▶ **Extracted information**
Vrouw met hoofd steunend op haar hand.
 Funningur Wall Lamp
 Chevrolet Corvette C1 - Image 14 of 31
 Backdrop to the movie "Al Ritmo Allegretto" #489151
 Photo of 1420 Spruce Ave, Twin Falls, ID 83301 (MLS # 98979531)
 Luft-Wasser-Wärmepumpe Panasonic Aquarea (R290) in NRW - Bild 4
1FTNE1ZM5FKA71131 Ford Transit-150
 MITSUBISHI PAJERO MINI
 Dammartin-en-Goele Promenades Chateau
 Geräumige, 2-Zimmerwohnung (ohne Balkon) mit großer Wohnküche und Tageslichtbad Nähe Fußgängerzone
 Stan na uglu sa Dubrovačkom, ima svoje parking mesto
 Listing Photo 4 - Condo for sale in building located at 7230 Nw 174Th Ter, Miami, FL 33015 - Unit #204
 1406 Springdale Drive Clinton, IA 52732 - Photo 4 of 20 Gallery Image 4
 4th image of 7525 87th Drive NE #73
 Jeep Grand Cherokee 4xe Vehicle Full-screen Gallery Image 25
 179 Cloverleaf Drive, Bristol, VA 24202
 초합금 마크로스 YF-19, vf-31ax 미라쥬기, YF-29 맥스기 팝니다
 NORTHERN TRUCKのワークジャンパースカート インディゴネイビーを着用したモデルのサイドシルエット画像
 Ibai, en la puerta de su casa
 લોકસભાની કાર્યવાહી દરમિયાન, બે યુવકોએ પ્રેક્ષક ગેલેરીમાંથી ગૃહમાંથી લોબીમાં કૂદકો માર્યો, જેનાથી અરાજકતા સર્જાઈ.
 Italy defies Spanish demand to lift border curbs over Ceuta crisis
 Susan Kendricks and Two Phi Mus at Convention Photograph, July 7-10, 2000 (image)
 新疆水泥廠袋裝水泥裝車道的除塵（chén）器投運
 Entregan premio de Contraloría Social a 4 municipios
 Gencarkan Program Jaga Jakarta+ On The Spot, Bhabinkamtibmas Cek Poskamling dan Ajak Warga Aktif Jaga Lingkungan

▶ **What you are asked to do**
From the material above, retype precisely the lines between the line holding "Photo of 1420" and the line holding "Listing Photo 4", inclusive, and nothing beyond them.

▶ **Your response**
 Photo of 1420 Spruce Ave, Twin Falls, ID 83301 (MLS # 98979531)
 Luft-Wasser-Wärmepumpe Panasonic Aquarea (R290) in NRW - Bild 4
1FTNE1ZM5FKA71131 Ford Transit-150
 MITSUBISHI PAJERO MINI
 Dammartin-en-Goele Promenades Chateau
 Geräumige, 2-Zimmerwohnung (ohne Balkon) mit großer Wohnküche und Tageslichtbad Nähe Fußgängerzone
 Stan na uglu sa Dubrovačkom, ima svoje parking mesto
 Listing Photo 4 - Condo for sale in building located at 7230 Nw 174Th Ter, Miami, FL 33015 - Unit #204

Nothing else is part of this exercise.